To accommodate the sequential and unstructured nature of process data and leverage its potential, the computational psychometrics paradigm calls for enriching theory-grounded psychometrics with stochastic process theory and data-driven techniques originating in computer science (von Davier, 2017). The volume “Computational Psychometrics: New Methodologies for a New Generation of Digital Learning and Assessment” edited by Alina A. von Davier, Robert J. Mislevy, and Jiangang Hao (2021) provides an introduction and overview of the current state of the art of this newly emerging field of research and its methodologies. The volume targets an audience with a traditional psychometric background that is interested in technology-enhanced learning and assessment systems and aims to expand its toolbox with techniques that support handling the complex data such systems provide and/or is in search for guidelines and inspiration for planning such assessments and capitalizing on their opportunities. As the discussed methods are quite sophisticated and descriptions are oftentimes rather technical, readers with advanced psychometric and statistical training on the graduate level and good knowledge of R and/or Python will benefit most from this edited volume.

1 Content of the Volume

The volume comprises 14 standalone chapters. Chapter 1, written by the volume’s editors, provides a general introduction into the field and the volume’s content. The volume is then organized into two parts. Part I (“Conceptualization”, Chapter 2–5) aims to provide the theoretic foundations for computational psychometrics and familiarizes readers with prominent types of technology-enhanced learning and assessment systems. Part II (“Methodology”, Chapter 6 –14) provides an overview of various techniques originating in fields outside of psychometrics that facilitate handling complex, unstructured data, examples of how these have been used in psychometric applications, and examples of R and Python code for their implementation. The code is embedded and commented in the chapters, and reproducible examples are made available in a Git repository accompanying the volume.Footnote 1 Existing psychometric applications for each of the discussed techniques are referenced, which may be used as starting points for further reading. The methodology chapters aim at giving the reader a sound intuition for a wide range of methods that are not part of typical psychometric training and provide starting points for their implementation, rather than giving comprehensive tutorials.

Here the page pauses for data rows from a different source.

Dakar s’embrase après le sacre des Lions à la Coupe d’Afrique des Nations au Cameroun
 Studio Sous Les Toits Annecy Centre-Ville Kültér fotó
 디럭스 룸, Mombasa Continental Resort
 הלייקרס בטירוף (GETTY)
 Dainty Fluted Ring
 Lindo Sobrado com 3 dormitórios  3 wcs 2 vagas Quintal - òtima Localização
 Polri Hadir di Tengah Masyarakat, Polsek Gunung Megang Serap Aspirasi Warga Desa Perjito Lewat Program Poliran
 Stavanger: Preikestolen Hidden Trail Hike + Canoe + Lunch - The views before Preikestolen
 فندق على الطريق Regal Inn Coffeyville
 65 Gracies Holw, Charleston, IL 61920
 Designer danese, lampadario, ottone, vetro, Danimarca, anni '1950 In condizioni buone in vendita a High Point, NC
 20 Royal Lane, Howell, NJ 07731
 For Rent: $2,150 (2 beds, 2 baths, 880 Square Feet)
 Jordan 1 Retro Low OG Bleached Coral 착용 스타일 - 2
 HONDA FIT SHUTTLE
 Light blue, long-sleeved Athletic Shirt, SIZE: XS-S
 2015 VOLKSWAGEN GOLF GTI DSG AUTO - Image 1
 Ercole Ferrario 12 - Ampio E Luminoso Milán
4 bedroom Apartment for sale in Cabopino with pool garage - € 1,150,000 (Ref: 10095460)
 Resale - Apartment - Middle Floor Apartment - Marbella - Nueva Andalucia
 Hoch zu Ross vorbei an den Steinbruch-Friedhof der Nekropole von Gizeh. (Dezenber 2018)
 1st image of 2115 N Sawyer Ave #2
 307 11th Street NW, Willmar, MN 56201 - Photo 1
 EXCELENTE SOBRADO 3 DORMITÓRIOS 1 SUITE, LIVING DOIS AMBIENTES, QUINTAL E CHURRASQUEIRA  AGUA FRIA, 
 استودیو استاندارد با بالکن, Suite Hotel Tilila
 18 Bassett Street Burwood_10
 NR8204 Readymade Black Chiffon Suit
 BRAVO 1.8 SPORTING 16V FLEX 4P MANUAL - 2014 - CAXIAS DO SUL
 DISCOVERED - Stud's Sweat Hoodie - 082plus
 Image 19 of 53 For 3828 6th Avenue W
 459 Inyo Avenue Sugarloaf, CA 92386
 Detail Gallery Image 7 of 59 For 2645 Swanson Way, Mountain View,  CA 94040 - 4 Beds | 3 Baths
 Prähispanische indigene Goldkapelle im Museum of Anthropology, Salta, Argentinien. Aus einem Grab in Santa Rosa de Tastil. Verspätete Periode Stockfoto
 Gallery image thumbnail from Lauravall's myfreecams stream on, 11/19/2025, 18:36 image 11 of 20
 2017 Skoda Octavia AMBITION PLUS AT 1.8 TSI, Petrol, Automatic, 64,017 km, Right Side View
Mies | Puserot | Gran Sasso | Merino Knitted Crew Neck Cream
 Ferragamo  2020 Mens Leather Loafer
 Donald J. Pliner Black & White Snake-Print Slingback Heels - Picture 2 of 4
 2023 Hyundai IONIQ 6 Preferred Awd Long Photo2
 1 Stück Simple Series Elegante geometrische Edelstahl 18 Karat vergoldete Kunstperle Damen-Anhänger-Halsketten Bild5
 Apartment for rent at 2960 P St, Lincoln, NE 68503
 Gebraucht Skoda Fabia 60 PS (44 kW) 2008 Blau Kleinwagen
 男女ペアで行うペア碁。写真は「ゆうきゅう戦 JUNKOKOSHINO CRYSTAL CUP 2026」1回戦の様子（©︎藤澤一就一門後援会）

Part I starts with Chapter 2, which discusses the potential of complex performance assessments for gathering evidence on capabilities that manifest themselves in interactions with unfolding situations. Taking an evidence-centered design perspective (Mislevy, Almond, & Lukas, 2003), it is further highlighted that valid evidence from process data can only be extracted when the tasks really elicit the targeted capabilities and support to record relevant data. Chapter 3 provides a more detailed overview of the computational psychometric framework, its relationship to the changing nature of educational measurement, and its rich and complex data, and delineates how bringing together psychometric and computational models may accommodate the specific challenges and tap the potentials that these data entail. Chapter 4 provides an introduction to virtual performance-based assessments. Central features of scenario-based, simulation-based, game-based, and collaborative assessments are discussed. The challenges of identifying and synthesizing evidence on the targeted capabilities from test takers’ activities on the tasks are discussed from design and analysis perspectives. Chapter 5 provides an introduction to adaptive learning systems. It reviews techniques such as Bayesian knowledge tracing or the Elo rating systems that aid the systems to update beliefs on students’ current states of knowledge and provides an intuition on how adaptive learning systems adapt to student attributes. Various examples for current adaptive learning systems are provided.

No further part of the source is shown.